Saturday, April 4, 2015

Canvas vs. Panel


Summer Marsh
38 x38
Oil on canvas

I often debate with myself what surface I prefere to paint on.  Sometimes it is nice to switch things up.  If I have been working on panel it can be nice to move over to canvas.  The give that canvas has can be nice in the early stages when mapping the image out.  The play and bounce of the canvas becomes its own language.  The force that the brush playes back is a conversation that feels different than panel.  It is also nice to hit a new canvas and hear the drum sound.  When painting with turniptine the canvas absorbs the terps better than the panel would.  The hard panel has a directness were each mark is free from the texture of the canvas or linen and is easier to read and give the illusion of space in an emediate way that canvas doesn't do.  Sometimes when getting up close to a canvas the materials stop the mind from the trick of photographic illusion. 
With the painting above I used a palette knife in the clouds in the sky.   I really enjoy painting the sky and like John Constable will make studies for larger works.



Sea Lawn
24x36
Oil on panel

This painting is painted with more layers using liquin as a glaze.  With panel I find that I tend to paint with a little less impasto.  It I do use impasto it is with the whites and I employ less paint with the darks such as brown and green. 
Usually the panels are first painted with an orange or thin red oxide.  This way the white really jumps out and the values can be established.  To me in landscape painting the values are the first thing as with drawing.  The color comes next never before the value.  After this the sky was keyed in.  All the other values are compared with the sky. 
Below are some skies painted by John Constable. I often also make sky studies for reference using them in later paintings.
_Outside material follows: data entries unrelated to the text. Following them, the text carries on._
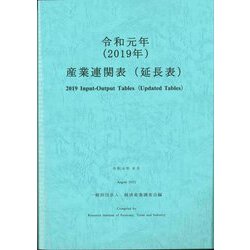 産業連関表(延長表)〈令和元年〉 [単行本]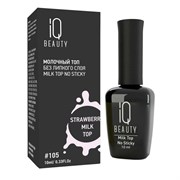 IQ Beauty Молочный топ для гель-лака без липкого слоя IQ Beauty Strowberry / Milk Top No Sticky, 10 мл 18891-21033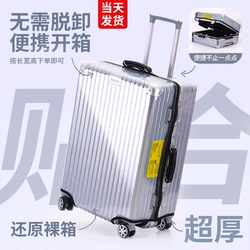 Thick Suitcase Protective Cover Transparent Trolley Case Travel Case Cover Dust Cover 20/24/26 28 Inches Wear-resistant And Waterproof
Below are a few paintings on panel that the skies were borrowed from smaller sketches of the sky that were done plien air. 


128 South
36x48
Oil on panel



Sky over Land
36x60
Oil on panel


Hay Bales
24x24
Oil on panel

The sky above looks from the image as if there is too much cerulean blue.  In truth there is more ultramarine but the photograph doesn't reflect this.  My studies of sky's first began  in Orvieto, Italy; a medieval hilltop village in Umbria.
Below is s photograph I took there of the sky moving above the ochre tufa of the buildings.




Friday, March 27, 2015

Favorites at The Addison Gallery of American Art



When in the studio I like to put up a few paintings on the church bench to see how paintings relate.   Here I have a few evening paintings of various sizes.  It is a good practice to hang up a finished painting and live with them for a little while.  Some times it can be helpful to hang the painting upside down a see if the painting has any problems that stand out.  After looking at the work for so long it is hard to see the painting with a fresh 
perspective.   
     Today I took a trip to the Addison Gallery of American Art and saw a few of my favorite artists which is always an inspiration.  Winslow Homer, Albert Bierstadt, George Inness and Sarah Surplee all amazed me with their handling of paint.  







I had never seen Sarah Surplee's paintings and felt as if I had stumbled across a soul mate.  This highway was Rt 495 in Massachusetts were I have painted myself.  It is wonderful and humbling to find other artists that have worked in the same vein.